SRE (Site Reliability Engineer)

Employer: K2View
Domain:
  • Engineering
  • IT Hardware
  • IT Software
  • Job type: full-time
    Job level: 1 - 5 years of experience
    Location:
  • BUCHAREST
  • Updated at: 28.11.2021


    K2view is looking for SRE (Site Reliability Engineer) positions as follows:

    K2view is looking for a Site Reliability Engineer (SRE) to join our SRE team and help maintain superb performance of K2view mPaaS and PaaS offering focusing on service Availability, Reliability, Visibility and performance. K2view service runs on one of the major IaaS providers more specifically AWS, Azure & GCP clouds.

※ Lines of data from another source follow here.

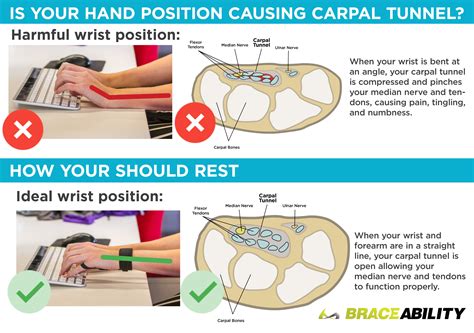 Carpal Tunnel Syndrome Symptoms, Wrist Injury Causes & Pain Treatment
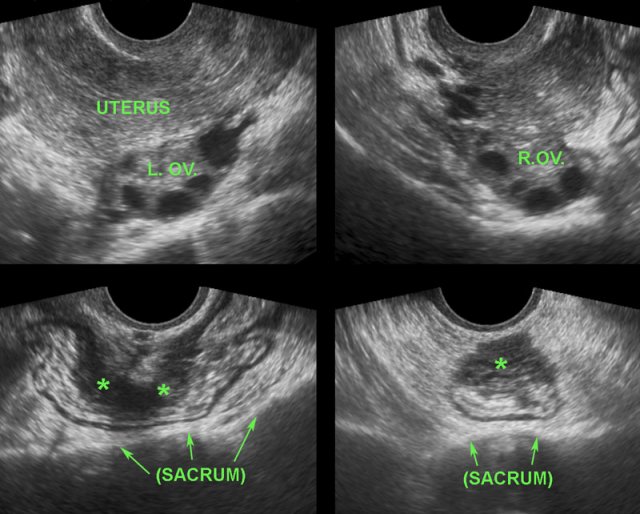 abnormal transvaginal ultrasound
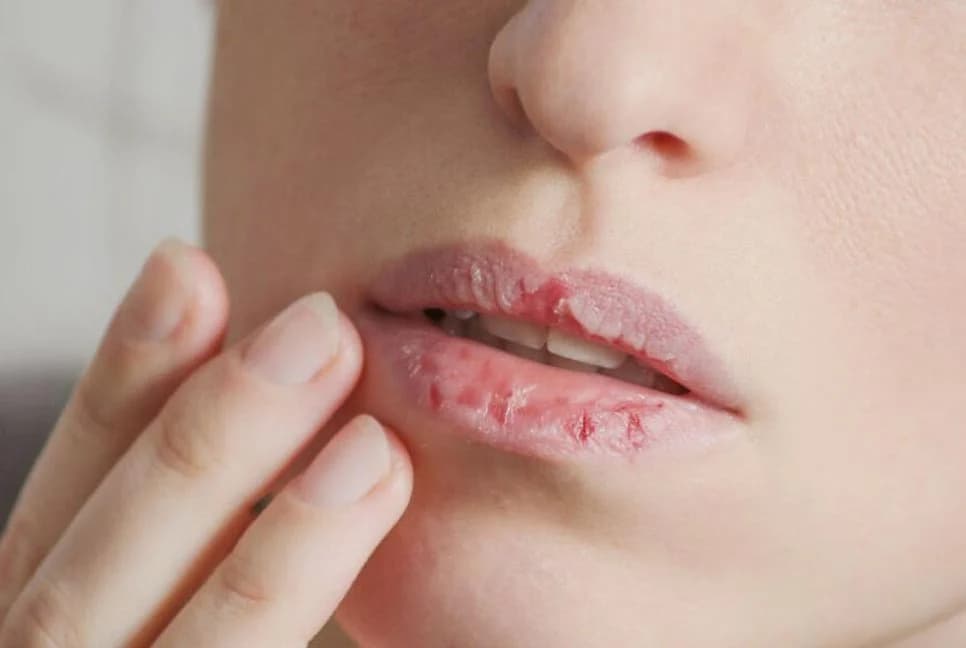 গরমেও ফাটছে ঠোঁট, প্রতিকার কী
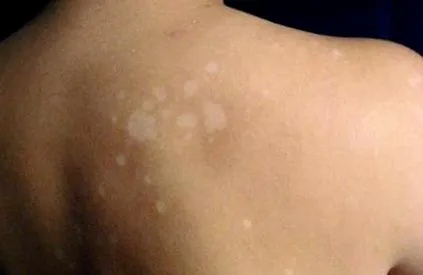 pityriasis túlzott izzadás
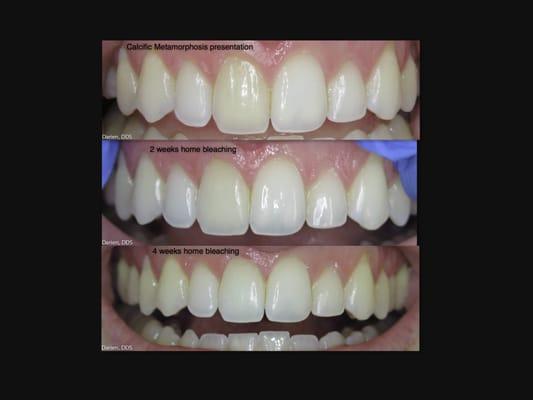 Prior trauma caused this tooth to darken. One month of home bleaching brought its natural color back.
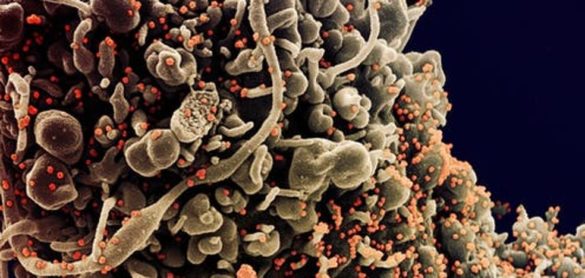 esto-es-lo-que-los-virologos-saben-hasta-hoy-sobre-el-coronavirus-sars-cov-2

    As a member of the SRE team, you’ll be working closely with K2view DevOps, Tier 1, R&D, COE (Center of Excellence) and K2view Customers. You will be part of the group taking care of K2view mPaaS/PaaS Availability, Reliability & Performance, while designing and building cutting edge monitoring and alerting services to be able to achieve 99.9% of availability.

    Job Summary

    At K2View, we’re passionate about big data systems and data management platforms. We count on our site reliability engineers (SREs) to empower our Customers with a rich infrastructure and monitoring tools to maintain high availability, Reliability, and stellar performance level to pursue their objectives. As we expand our customer deployments, we are currently seeking an SRE to deliver insights from massive scale data in real time. Our SRE’s are responsible for creating, configuring and maintaining monitoring environments and tools. They are experts in analyzing production systems metrics, identifying the root cause of systems performance issues and taking reactive/proactive actions to remain the system in healthy state.

    Responsibilities

    Provide 24*7 monitoring of customers production systems
    Creating monitoring dashboards and setting thresholds for tracking overall systems health

    • Provide SLA Infrastructure and Dashboards for service availability
    • Provide Generate periodic system health reports.
    • Identify system trends and prevent production failures
    Become part of the team building the Monitoring Infrastructure, Measure and optimize production system performance
    For critical production issues run initial triaging & Open escalation bridge
    Investigation, Recording and analysis of production Errors
    Run daily production processes
    Where applicable, restore the system to operational state
    Support Tier1 group investigations if required
    Support K2view offering mPaaS (managed PaaS) installation for new customers
    Manage deployment for on-going Change Requests
    Run various production Investigation such as Cassandra, Golden Gate & Kafk

    Requirements:
    • Bachelor’s degree in computer science or other highly technical, scientific discipline
    • Some experience in Linux and Windows operating systems
    • Ability to program (structured and Object Oriented) with one or more high level languages (Java – advantage)
    • Ability to analyze/debug large and complicated systems
    • A proactive approach to spotting problems, areas for improvement, and performance bottlenecks
    • Some Experience in SQL/NoSQL Databases such as PostgreSQL, SQLite etc.
    • MUST: Fluent English speaking/writing skills
    • Availability for at least 5 shifts a week (including night shifts, Friday and Saturday shifts)
    • Huge Advantage: Previous experience as SRE member for SaaS/PaaS offering running on one of the major Clouds: AWS, Azure or GCP.